Je me réjouis des énonciations que vous faites, qui somme toute, ne sont que des hypothèses de travail. Les sondages ne sont pas les bulletins dans les urnes, qui, au soir du vote, sont les seules choses qui comptent pour mesurer l’expression de la volonté de notre peuple. J’avoue cependant que notre peuple a assez de cette souffrance atroce qu’il subit au quotidien, de toutes ces personnes, qui, à Cotonou, première ville du pays, dorment sur des briques en ciment, sur des pneumatiques, sur leurs motos, dans des abris de fortune envahis par l’eau de ruissellement à chaque pluie. Il est normal et je le comprends que l’opposition que le Prd incarne depuis vingt-cinq ans trouve là les prémices d’une alternative crédible à proposer au pays. L’avenir, c’est donc aujourd’hui et dès maintenant là où le pouvoir en place, sans être étouffé par la honte de ses nombreux échecs dans tous les domaines et la cassure du pays, il propose encore de modifier notre Constitution pour se maintenir et faire ainsi durer la pauvreté qui s’aggrave. Ceci est inacceptable et toute cette majorité silencieuse qui attend depuis des années que cela change, doit maintenant s’aligner derrière le PRD pour le dire avec force.
Vous êtes en pré-campagne pour le Prd depuis quelques semaines maintenant. Que constatez-vous sur le terrain par rapport à la vie des Béninois ? Quelles sont vos premières impressions ?
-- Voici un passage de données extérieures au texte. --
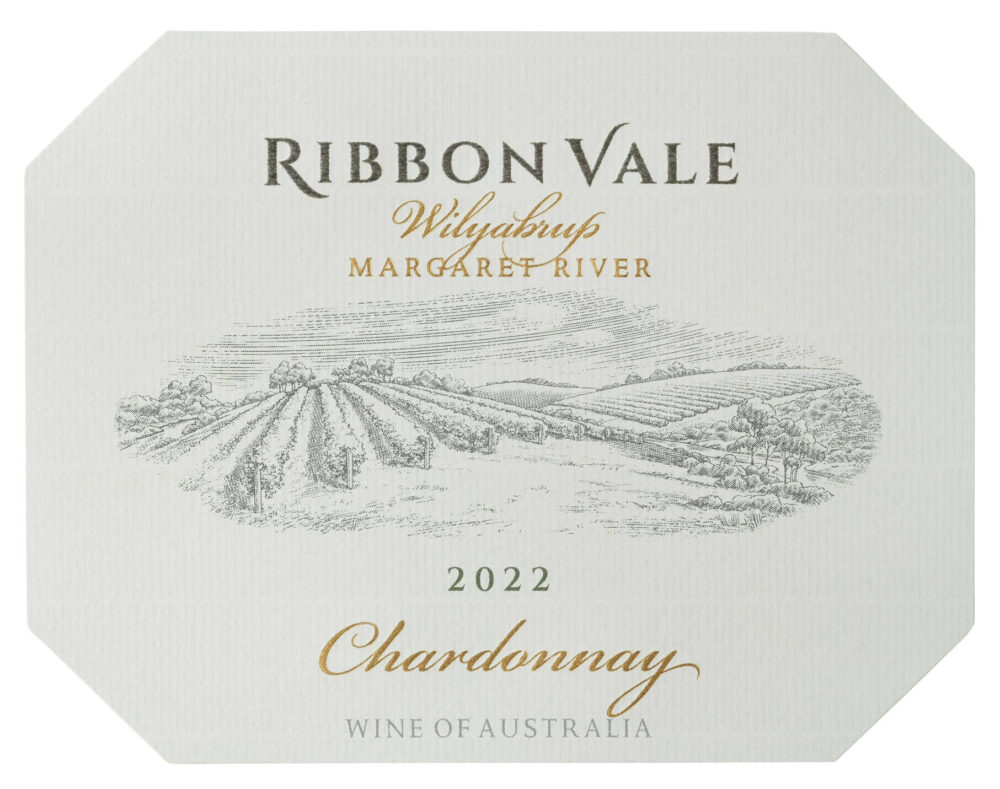 20230131_MOSS-WOOD_Deep-Etched_Label_Chardonnay-2022 Moss Wood Deep-Etched Label Chardonnay 2022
Mes premières constatations sont accablantes. On en sort meurtri et triste avec cette sourde impression que ceux qui nous dirigent ne semblent même pas réaliser ni se rendre compte de la vie des gens, ni de leur sort au quotidien. La misère de nos populations est déjà très grave en soi, mais le pire reste la privation de tout espoir pour un changement meilleur. Comment est-il possible que dix ans après tout ce qui nous a été promis pour un monde meilleur, le pays ne produise toujours rien et n’exporte rien ? Je pèse mes mots, car la culture et l’exploitation du coton qui ont pu un moment rapporter au pays le quart de nos recettes budgétaires, est désormais une catastrophe en terme de gestion du secteur et depuis plus rien de nouveau. Pendant dix ans, la bataille du développement du pays a été totalement abandonnée et tous les leviers de fabrication de valeur ajoutée et de richesses ont été désertés. Pendant dix ans, on a fait que nous imposer de faire de la politique : dès le premier mandat de cinq ans, il fallait déjà être en campagne pour un second et au terme de ce dernier, on se remet à l’ouvrage pour prôner une modification de la Constitution comme une panacée, la solution de toutes choses. Si à la Conférence nationale d’il y a vingt-cinq ans, nous déplorions la dramatique situation économique du pays, on peine aujourd’hui à trouver les mots pour qualifier l’abîme où on nous a conduits.
Avez-vous un mot à l’endroit des électeurs qui vous attendent sur le terrain ?
Je réaffirmerai à mes électeurs que la solution, aujourd’hui, c’est le Prd. Le temps qui a passé n’a fait que confirmer la justesse des valeurs que ce parti a prônées depuis plus de vingt-cinq ans : une démocratie apaisée, une réconciliation des différentes couches de nos populations, ferment de l’unité nationale, un progrès économique et social, une redistribution de la richesse pour une meilleure justice sociale. C’est aujourd’hui une évidence que nous en sommes très éloignés.